Аграрные законы монтаньярского Конвента наносили завершающий удар по феодальным отношениям. «Всякий сеньериальный титул и сеньериальное притязание превращались из права, хотя и плохо защищаемого законом, в преступление, караемое по всей строгости революционного закона»{328}. Декреты способствовали увеличению крестьянского землепользования в целом за счет частичной экспроприации земель дворянства. Не случайно все это оказалось не под силу жирондистам, принципиально и последовательно защищавшим узкоклассовые интересы буржуазии, включая тех ее представителей, что успели задешево скупить феодальные владения вместе с их рентами. Опубликование декрета 17 июля вызвало большое недовольство и протесты в этой среде. Поскольку большинство дворян постарались продать права на присвоение феодальных податей, провозглашенная декретом Конвента 17 июля безвозмездная отмена их наносит удар не первоначальным обладателям феодальной ренты, а «только купившим их в большинстве случаев простым гражданам», — провозглашалось в одном из протестов{329}.

Складывавшаяся в течение тысячелетия феодальная система глубоко укоренилась, пронизала все хозяйственные и имущественные отношения в деревне. Декретированное 17 июля сожжение феодальных грамот означало для бывших феодалов, а также других землевладельцев покушение на их частную собственность, ибо на грамотах зачастую записывались поземельные ренты. Да и сами эти ренты нередко были связаны с феодальными. Покушение же на частную собственность феодалов угрожало буржуазии не только непосредственно, не только тем ее представителям, которые занимали место дворян в деревне, но и всему классу как опаснейший прецедент. То было посягательство на «буржуазно-собственническое правосознание вообще»{330}. Можно легко себе представить, какое возмущение буржуазии вызвал декрет якобинского Конвента, если более 100 лет спустя историк либерального направления Ф. Саньяк, характеризуя его, писал о «нарушении законных интересов», «ограблении частных лиц» и «вопиющей несправедливости»{331}.

Падение жирондистов - img_13

АЛЛЕГОРИЧЕСКОЕ ИЗОБРАЖЕНИЕ ПОБЕДЫ ГОРЫ

Радикальное антифеодальное законодательство, задевшее интересы большого числа землевладельцев, частных собственников, буржуа, могло быть осуществлено только революционными демократами. Декретами от 3, 10 июня и 17 июля 1793 г. якобинцы выразили интересы крестьянства в целом. Это сыграло большую роль в расстановке классовых сил в гражданской войне, охватившей страну, и в складывании революционно-демократической диктатуры. В отношении же удовлетворения интересов отдельных слоев крестьянства аграрное законодательство носило компромиссный характер. Декрет от 3 июня, облегчая дроблением земли и рассрочкой платежа приобретение эмигрантских земель крестьянами, в частности середняком, в то же время сохранил распродажу их с торгов, а вместе с ней сильную конкуренцию крупной городской буржуазии. Оставалось в силе и запрещение крестьянам покупать землю в складчину, что существенно ослабляло позицию крестьянства на торгах.

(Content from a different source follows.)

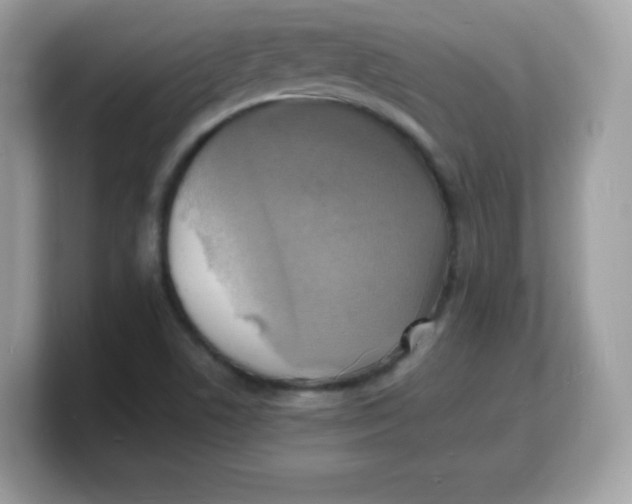 X0000103251506200809181553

Декрет от 10 июня отвечал, как показал в специальном исследовании Е. Н. Петров, требованиям беднейшего и среднего крестьянства{332}. Эти выводы согласуются с мнением французских историков Жореса, Лефевра, Риффатера, что из общинных земель наибольшую пользу извлекали, как правило, относительно крупные хозяйства, обладавшие значительным количеством скота. Любопытно, что секции города Флура (Капталь), призывая к отмене декрета от 10 июня, предлагали в то же время компенсировать «неимущую часть народа»{333}. Едва ли не лучшее свидетельство, интересам каких слоев крестьянства отвечал декрет! Однако и здесь законодатели не были последовательны, отклонив как требования зажиточной верхушки о разделе общинных земель в соответствии с величиной земельного налога, так и требования бедноты о разделе, обратно пропорциональном земельной обеспеченности.